[REQUIREMENT] Each record that follows should be duplicated exactly, except for its pictures.

SUPPLIED MATERIAL section start

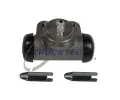 TRUCKTEC AUTOMOTIVE Brzdov vleek ‐ TCT 02.35.392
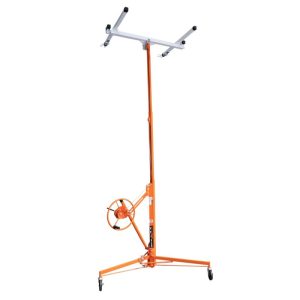 ruris-limit-zdvihak-sdk-dosiek-hr-3350t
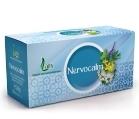 CEAI NERVOCALM 20dz LARIX - Produse naturiste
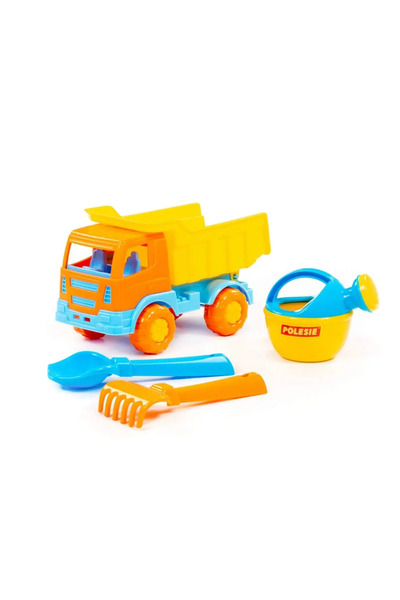 Wader Salut Set de scule pentru demontare + accesorii (9011)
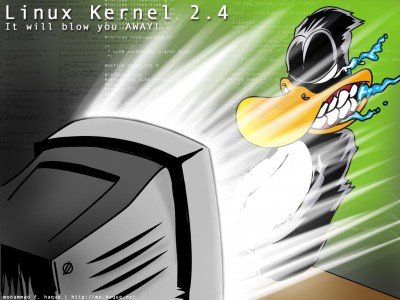 kernel1.jpg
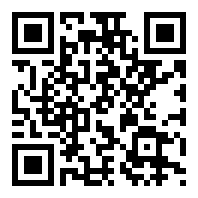 零点书院app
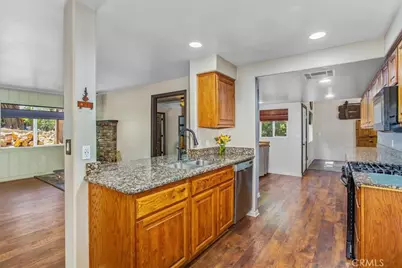 41062 Pine Drive, Forest Falls, CA 92339 - Photo 11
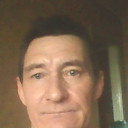 ���������� ���������, ���� ������� ���� �������, 51 ���, ������������ ��� ������, ����� � ���������, c�������� ���������, ���������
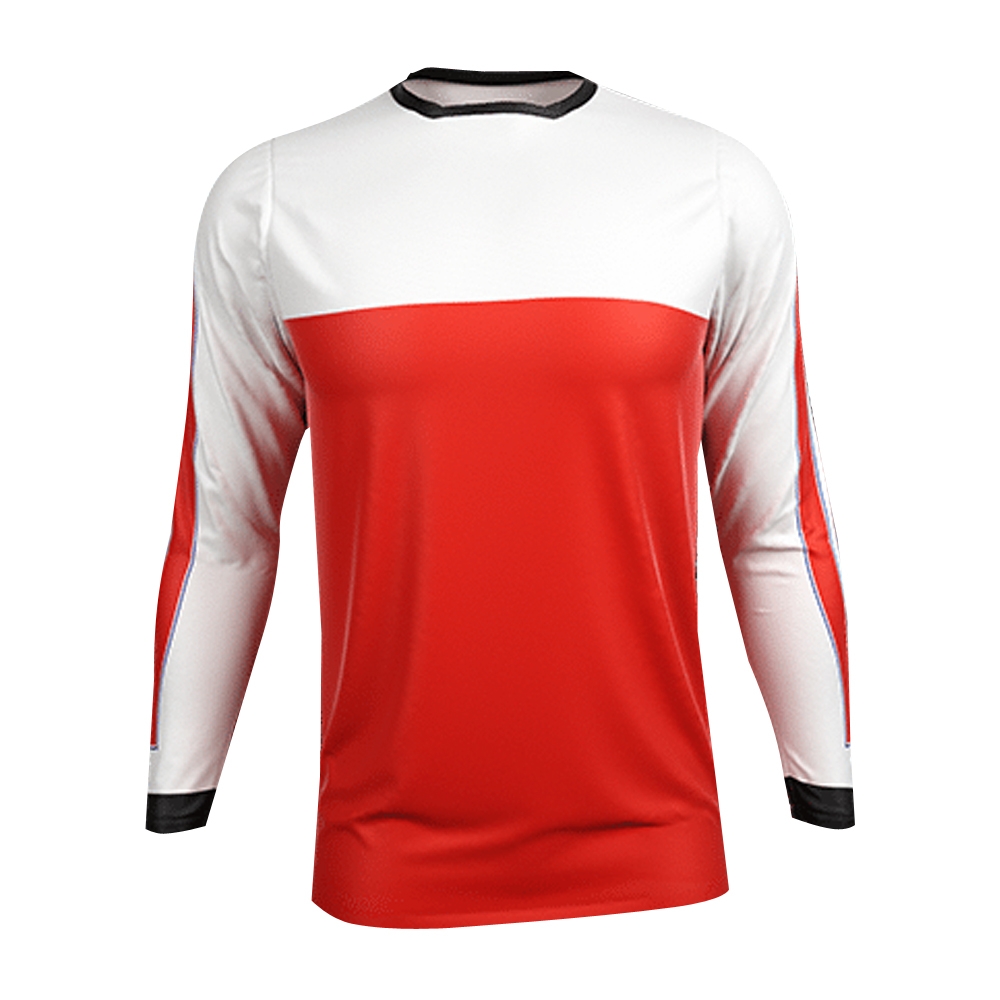 Motocrosss Jersey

SUPPLIED MATERIAL section end

[WRITTEN SOLUTION]
 TRUCKTEC AUTOMOTIVE Brzdov vleek ‐ TCT 02.35.392
 ruris-limit-zdvihak-sdk-dosiek-hr-3350t
 CEAI NERVOCALM 20dz LARIX - Produse naturiste
 Wader Salut Set de scule pentru demontare + accesorii (9011)
 kernel1.jpg
 零点书院app
 41062 Pine Drive, Forest Falls, CA 92339 - Photo 11
 ���������� ���������, ���� ������� ���� �������, 51 ���, ������������ ��� ������, ����� � ���������, c�������� ���������, ���������
 Motocrosss Jersey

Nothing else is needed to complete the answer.